Which tables should be auto vacuumed or auto analyzed?

Recently I was in a situation where autovacuum couldn't keep up with changes. To solve the problem I finally decided to manually vacuum analyze all tables (manual vacuum/analyze is faster than one ran by autovacuum daemon).

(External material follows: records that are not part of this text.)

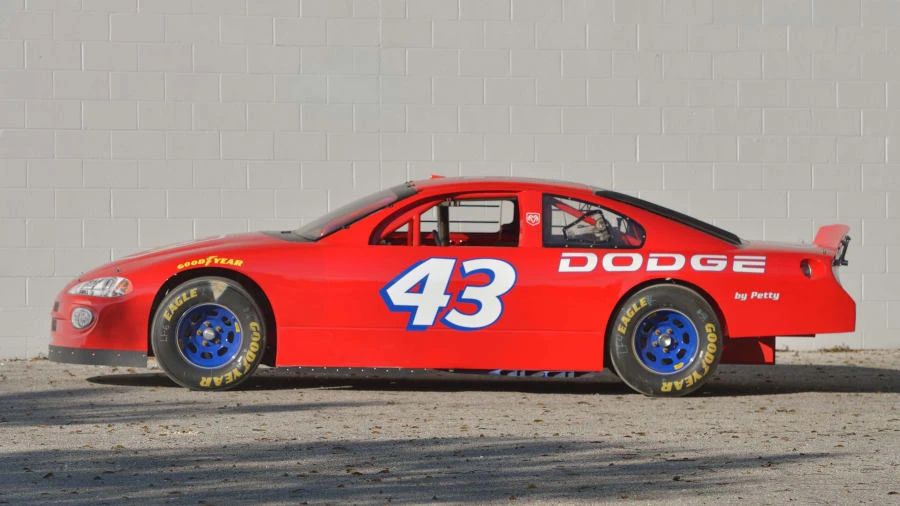2000 Dodge Intrepid - Image 8 of 25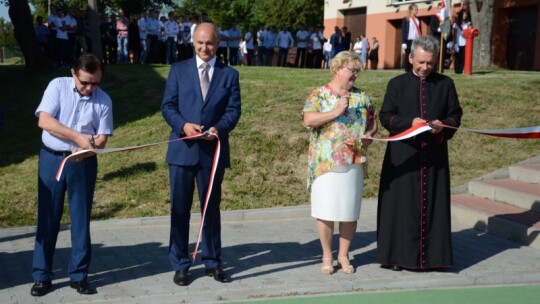 Nowy rok szkolny rozpoczęty. W Dwójce otwarto boisko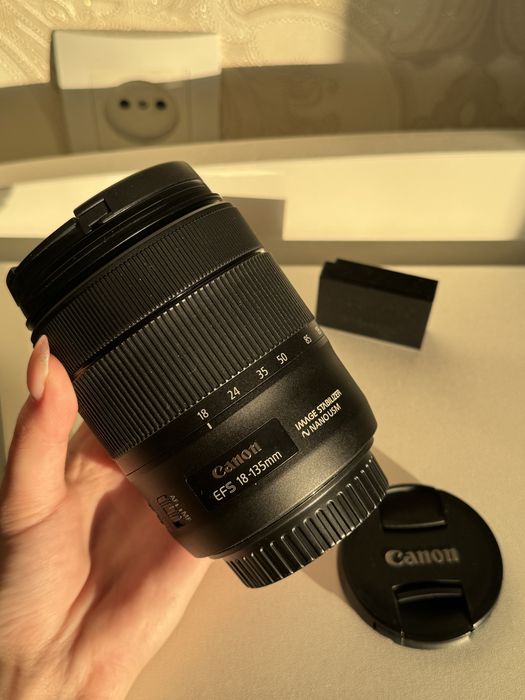 Продам Canon 850d Вместе с 2 объективами!!!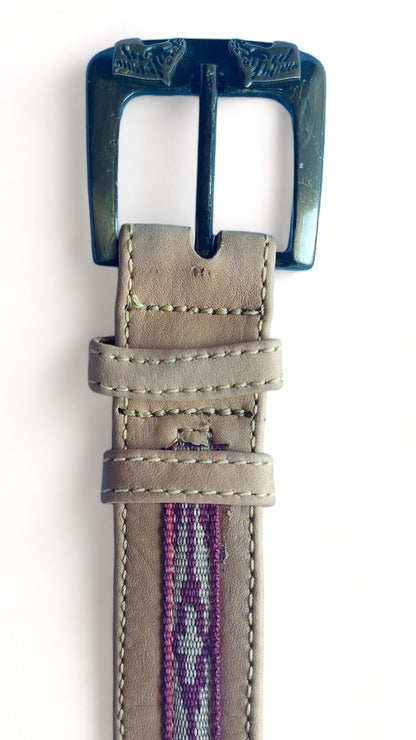 Cinto de couro marrom com detalhe de fita dos pampas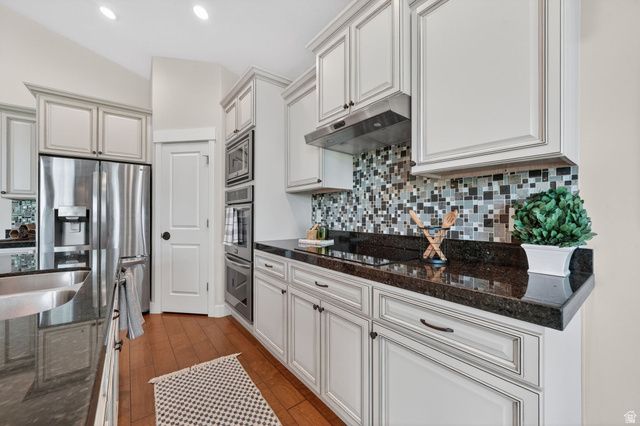 3802 W AUTUMN RAIN RD, South Jordan, UT 84009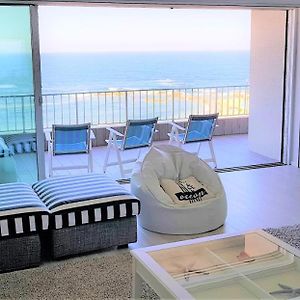 Avenida Dos Banhos Apartment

But it irritated me that I didn't have ready way to check which tables are waiting for autovacuum to work on them.

So, I wrote it.

First, let's start with basics. Autovacuum when figuring out whether it should do VACUUM and/or ANALYZE looks at these elements:

In my test case, config variables are:

=$ SELECT name, setting
FROM pg_settings
WHERE name IN ('autovacuum_analyze_scale_factor', 'autovacuum_analyze_threshold', 'autovacuum_vacuum_scale_factor', 'autovacuum_vacuum_threshold')
ORDER BY name;
              name               | setting 
---------------------------------+---------
 autovacuum_analyze_scale_factor | 0.1
 autovacuum_analyze_threshold    | 50
 autovacuum_vacuum_scale_factor  | 0.2
 autovacuum_vacuum_threshold     | 50
(4 ROWS)

Rules are simple:

  • run vacuum if n_dead_tup is larger than reltuples * autovacuum_vacuum_scale_factor + autovacuum_vacuum_threshold
  • run analyze if n_mod_since_analyze is larger than reltuples * autovacuum_analyze_scale_factor + autovacuum_analyze_threshold

Let's do some math. Assuming I have table with 10,000 rows, it will get vacuumed if I delete (or update) 10000 * 0.2 + 50 = 2050 rows. And it will get analyzed if I update (or insert) 10000 * 0.1 + 50 = 1050 rows. Easy. Isn't it?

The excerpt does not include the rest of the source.